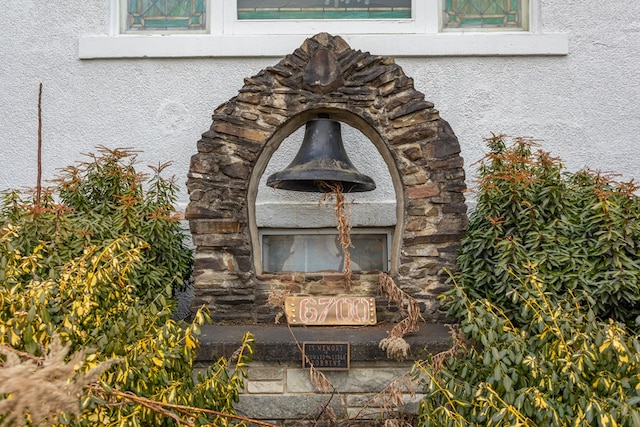 exterior details with stone siding and stucco siding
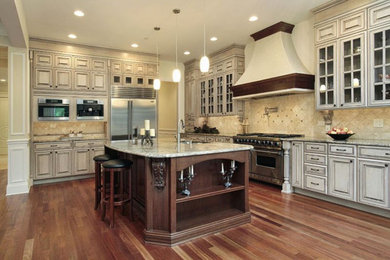 Inspiration for a large timeless l-shaped medium tone wood floor and brown floor enclosed kitchen remodel in Orlando with an undermount sink, glass-front cabinets, white cabinets, granite countertops, beige backsplash, ceramic backsplash, stainless steel appliances, an island and beige countertops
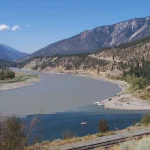 The muddy Fraser River meeting the blue-green Thompson River at their confluence near Lytton, British Columbia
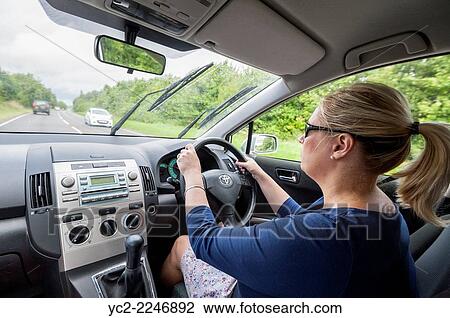 A woman driving shown from the interior of the car in the Uk. View Large Photo Image Stock Image - A woman driving shown from the interior of the car in the Uk.. Fotosearch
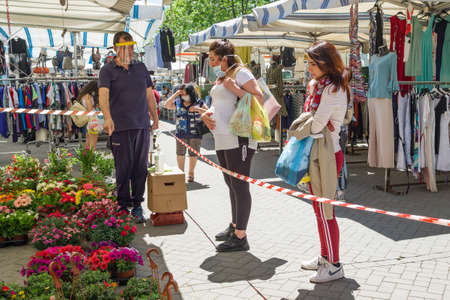 Outdoor weekly market in Linguaglossa town during Covid-19 pandemic in Italyのeditorial素材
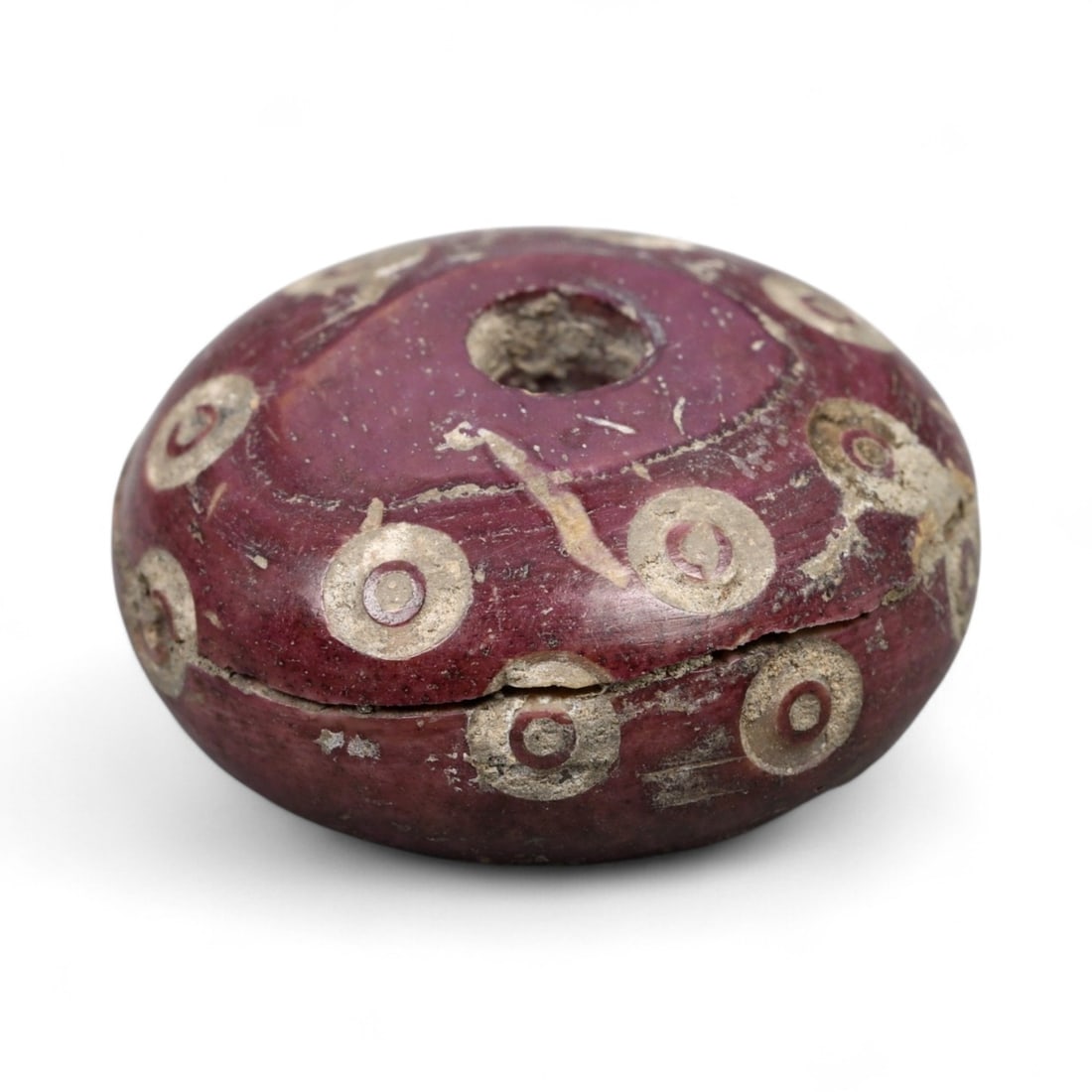 Ancient Medieval Nishapur Silk Road Bone Spindle Whorl, c. 9th-11th Century CE, 1.8cm: This finely carved spindle whorl originates from Nishapur, an important Silk Road city in medieval northeastern Iran, dating to approximately the 9th-11th century CE. Such spindle whorls were essentia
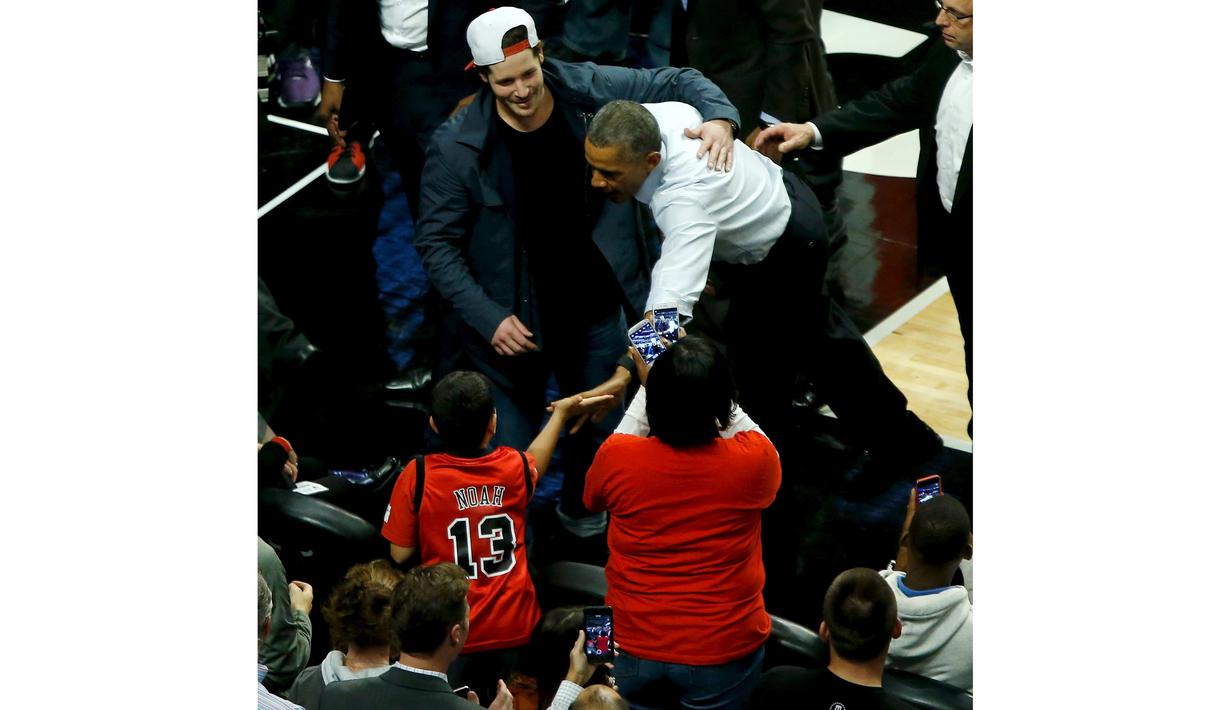 President Amerika Serikat Barack Obama menyalami penonton pada pembukaan NBA antara  Cleveland Cavaliers melawan Chicago Bulls di Chicago, Selasa(27/10/2015). (REUTERS / Jonathan Ernst)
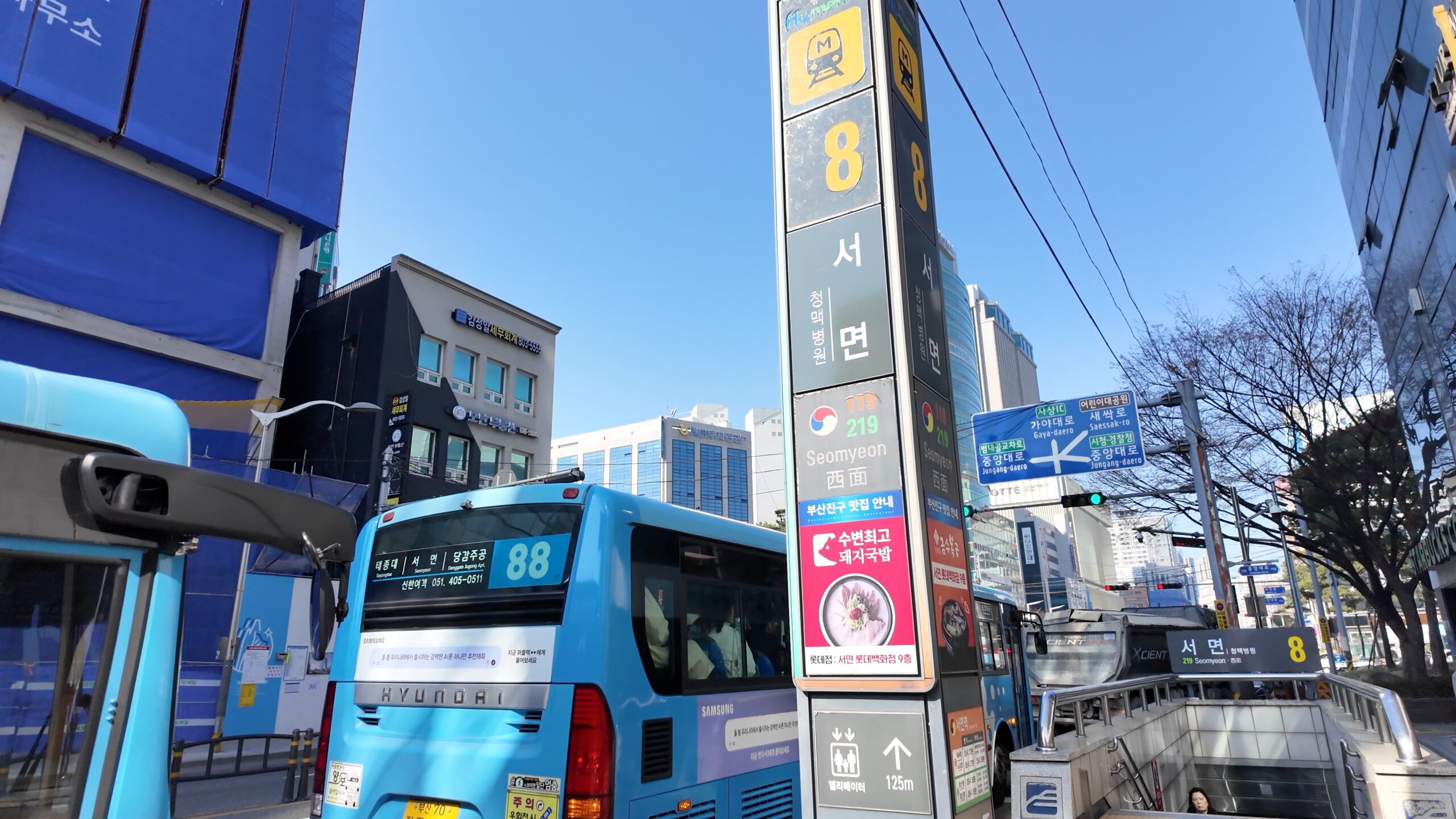 快晴の西面駅8番出口付近の街並みとバス停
◇ ◇ ◇
** WHAT IS EXPECTED **
Although the records contain pictures, only their text should be repeated, exactly as it appears.

** SOLUTION FOR THIS TASK **
 exterior details with stone siding and stucco siding
 Inspiration for a large timeless l-shaped medium tone wood floor and brown floor enclosed kitchen remodel in Orlando with an undermount sink, glass-front cabinets, white cabinets, granite countertops, beige backsplash, ceramic backsplash, stainless steel appliances, an island and beige countertops
 The muddy Fraser River meeting the blue-green Thompson River at their confluence near Lytton, British Columbia
 A woman driving shown from the interior of the car in the Uk. View Large Photo Image Stock Image - A woman driving shown from the interior of the car in the Uk.. Fotosearch
 Outdoor weekly market in Linguaglossa town during Covid-19 pandemic in Italyのeditorial素材
 Ancient Medieval Nishapur Silk Road Bone Spindle Whorl, c. 9th-11th Century CE, 1.8cm: This finely carved spindle whorl originates from Nishapur, an important Silk Road city in medieval northeastern Iran, dating to approximately the 9th-11th century CE. Such spindle whorls were essentia
 President Amerika Serikat Barack Obama menyalami penonton pada pembukaan NBA antara  Cleveland Cavaliers melawan Chicago Bulls di Chicago, Selasa(27/10/2015). (REUTERS / Jonathan Ernst)
 快晴の西面駅8番出口付近の街並みとバス停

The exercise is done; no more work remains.